Regisseur Rose hält sich als Kameramann sehr zurück, es sind eher die Inszenierungs-Ideen und die verrückten Ideen von „Mr. Nice", die Eindruck machen. So beginnen die Kindheitserinnerungen Marks' aus den 70gern in schwarz-weiß, aber schon mit dem erwachsenen Rhys Ifans („Human Nature", „Twin Town") in der Rolle des Kindes. Aus einem walisischen Dorf gerät das gehänselte, aber sehr intelligente Kerlchen an die Uni von Oxford, wo es sich seine Naivität noch ein wenig erhält. Dann während seines ersten Joints sieht Howard Marks die Welt in Farbe, es folgt der erste Kuss und das überraschende Geständnis, ein Dealer sei bloß jemand, der mehr Gras hat, als er selber rauchen kann. Dabei wollte er es eigentlich alles selbst rauchen. So gestaltet sich der Start in die Dealer-Karriere als „flow", alles geht von selbst, Probleme gibt es keine. Während der „film-dienst" selbstverständlich drauf hinweisen muss, dass der Genuss der Einstiegs-Droge Marihuana alle möglichen Folgen haben kann - bis hin zu schlechten Filmen - ist hier ein Joint die Lösung für alles: Wenn der eifersüchtige Mann seine Freundin mit Howard erwischt - bietet man ihm einen Joint an. Der IRA-Boss Jim McCann (David Thewlis) will den mittlerweile national agierenden Drogenhändler ins Bein schießen - doch der Joint als letzter Wunsch vor der Exekution macht die beiden zu Partnern im groß angelegten Schmuggel. „Mr. Nice", so lautet später Howards Deckname, erzählt über lange Strecken so entspannt, dass man sinniert, wie viel Gras wohl beim Drehbuchschreiben dieser Produktion in Rauch aufgegangen ist.
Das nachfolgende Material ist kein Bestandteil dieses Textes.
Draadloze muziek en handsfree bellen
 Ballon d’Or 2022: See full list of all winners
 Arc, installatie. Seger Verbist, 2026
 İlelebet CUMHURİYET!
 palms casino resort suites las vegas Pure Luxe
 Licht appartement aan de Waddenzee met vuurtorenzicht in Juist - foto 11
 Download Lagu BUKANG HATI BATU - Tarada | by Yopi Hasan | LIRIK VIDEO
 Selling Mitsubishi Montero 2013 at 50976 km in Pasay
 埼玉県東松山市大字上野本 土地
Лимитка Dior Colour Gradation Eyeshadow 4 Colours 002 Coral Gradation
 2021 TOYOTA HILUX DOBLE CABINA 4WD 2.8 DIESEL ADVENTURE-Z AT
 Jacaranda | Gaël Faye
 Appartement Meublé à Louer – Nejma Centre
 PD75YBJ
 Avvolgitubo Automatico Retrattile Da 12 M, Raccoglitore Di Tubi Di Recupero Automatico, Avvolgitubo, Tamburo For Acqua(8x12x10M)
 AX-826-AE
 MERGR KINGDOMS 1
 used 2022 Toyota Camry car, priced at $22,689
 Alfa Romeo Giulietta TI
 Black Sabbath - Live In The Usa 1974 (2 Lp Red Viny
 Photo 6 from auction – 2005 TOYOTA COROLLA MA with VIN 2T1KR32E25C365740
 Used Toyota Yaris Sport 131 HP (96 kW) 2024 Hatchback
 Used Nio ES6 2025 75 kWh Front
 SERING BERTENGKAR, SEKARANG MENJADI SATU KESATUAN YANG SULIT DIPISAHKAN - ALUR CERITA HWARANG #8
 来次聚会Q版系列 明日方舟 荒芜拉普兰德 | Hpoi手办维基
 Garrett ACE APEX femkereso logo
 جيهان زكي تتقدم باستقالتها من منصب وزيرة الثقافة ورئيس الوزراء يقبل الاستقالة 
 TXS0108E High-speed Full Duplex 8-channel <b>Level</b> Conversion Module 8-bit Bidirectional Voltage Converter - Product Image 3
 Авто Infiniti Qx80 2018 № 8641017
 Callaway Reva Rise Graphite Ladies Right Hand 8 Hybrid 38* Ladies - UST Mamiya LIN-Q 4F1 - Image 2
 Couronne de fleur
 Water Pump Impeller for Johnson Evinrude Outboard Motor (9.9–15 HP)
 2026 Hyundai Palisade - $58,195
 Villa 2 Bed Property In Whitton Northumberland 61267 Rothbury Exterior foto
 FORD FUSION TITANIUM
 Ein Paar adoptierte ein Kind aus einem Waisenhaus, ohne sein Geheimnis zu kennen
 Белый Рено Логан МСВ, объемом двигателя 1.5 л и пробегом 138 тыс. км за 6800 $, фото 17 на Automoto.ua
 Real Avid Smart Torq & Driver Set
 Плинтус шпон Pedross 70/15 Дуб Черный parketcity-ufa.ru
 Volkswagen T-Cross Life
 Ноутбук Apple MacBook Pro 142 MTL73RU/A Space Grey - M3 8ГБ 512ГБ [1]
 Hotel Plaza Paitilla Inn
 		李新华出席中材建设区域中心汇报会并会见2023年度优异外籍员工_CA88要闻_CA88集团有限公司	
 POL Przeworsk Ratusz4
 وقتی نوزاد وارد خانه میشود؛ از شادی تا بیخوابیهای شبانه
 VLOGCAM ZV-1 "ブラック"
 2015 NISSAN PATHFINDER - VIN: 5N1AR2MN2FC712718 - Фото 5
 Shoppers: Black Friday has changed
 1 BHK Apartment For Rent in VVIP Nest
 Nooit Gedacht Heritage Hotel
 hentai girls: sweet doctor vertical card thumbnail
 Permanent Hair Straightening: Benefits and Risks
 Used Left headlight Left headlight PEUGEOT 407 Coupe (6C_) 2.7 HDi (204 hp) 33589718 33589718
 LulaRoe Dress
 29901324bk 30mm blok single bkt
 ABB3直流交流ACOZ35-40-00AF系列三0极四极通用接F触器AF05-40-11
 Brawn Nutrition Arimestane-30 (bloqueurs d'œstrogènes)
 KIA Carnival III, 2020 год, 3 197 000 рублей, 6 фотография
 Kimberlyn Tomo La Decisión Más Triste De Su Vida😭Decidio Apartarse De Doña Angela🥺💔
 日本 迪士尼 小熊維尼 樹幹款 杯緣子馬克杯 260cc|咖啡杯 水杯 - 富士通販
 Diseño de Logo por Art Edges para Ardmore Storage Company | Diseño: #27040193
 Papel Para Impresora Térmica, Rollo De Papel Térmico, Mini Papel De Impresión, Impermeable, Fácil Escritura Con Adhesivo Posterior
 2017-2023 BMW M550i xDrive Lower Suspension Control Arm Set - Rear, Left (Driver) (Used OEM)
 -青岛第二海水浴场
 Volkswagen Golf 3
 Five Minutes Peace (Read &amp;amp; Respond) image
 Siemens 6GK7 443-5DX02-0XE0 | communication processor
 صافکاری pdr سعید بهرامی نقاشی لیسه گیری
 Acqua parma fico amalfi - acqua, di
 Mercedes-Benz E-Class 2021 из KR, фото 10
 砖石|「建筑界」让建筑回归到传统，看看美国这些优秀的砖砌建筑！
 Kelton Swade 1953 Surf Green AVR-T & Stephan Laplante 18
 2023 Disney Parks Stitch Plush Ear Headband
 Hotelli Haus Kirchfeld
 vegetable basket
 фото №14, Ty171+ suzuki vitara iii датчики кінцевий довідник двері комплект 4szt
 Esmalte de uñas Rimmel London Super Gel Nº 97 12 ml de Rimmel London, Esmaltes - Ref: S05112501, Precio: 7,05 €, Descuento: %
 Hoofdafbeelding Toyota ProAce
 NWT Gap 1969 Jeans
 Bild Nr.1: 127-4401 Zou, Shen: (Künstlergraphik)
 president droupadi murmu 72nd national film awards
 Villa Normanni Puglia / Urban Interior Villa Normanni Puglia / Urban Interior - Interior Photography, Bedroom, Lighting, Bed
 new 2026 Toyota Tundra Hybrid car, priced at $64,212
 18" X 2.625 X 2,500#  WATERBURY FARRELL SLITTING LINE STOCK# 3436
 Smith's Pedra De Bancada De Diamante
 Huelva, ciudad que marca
So ist das Leben von Howard Marks oft Sex and Drugs - und statt Rock'n'Roll die serielle Musik von Philip Glass: Eine Heirat mit zwischenzeitlicher Deal-Abstinenz, die neue Liebe zu Judy (Chloë Sevigny), nette Ausflüge zur Hasch-Plantage und -Produktion in Pakistan. Später wird es etwas komplizierter, als ein alter Freund Howard bittet, für den britischen Geheimdienst MI6 zu spionieren. Die fast unglaubliche Geschichte ist sogar witzig an Stellen, die eigentlich nicht so beabsichtig sind: Klasse, wie schwierig in Vor-Handy-Zeiten große, internationale Geschäfte aus Telefonzellen zu führen waren. Mit albernen Code-Worten für die verschiedenen Lieferungen, die immerhin irische Dorf-Telefonistinnen verwirren.
Im Gegensatz zu andern Dealer-Storys geriet dieser „Blow" sehr undramatisch. Selbst ein heftiger Auto-Crash in irischen Wiesen sieht nach großartigem Abheben aus. Obwohl mit großem inszenatorischen Können gestaltet und recht unterhaltsam, verläuft „Mr. Nice" selten spannend. Erst nach der letzten Verhaftung muss Familienmensch Howard leiden. Vor dem US-Gericht stellt er sich als Spion dar, der international in gefährlichen Missionen für sein Vaterland tätig war. Es hilft nicht, das Urteil lautete auf 25 Jahre. Doch es geht auch diesmal wieder gut, sogar ohne Drogen. Howard Marks verabschiedet sich unter Applaus aus der eigenen Geschichte, der Vorhang fällt. Nett, Mr. Nice!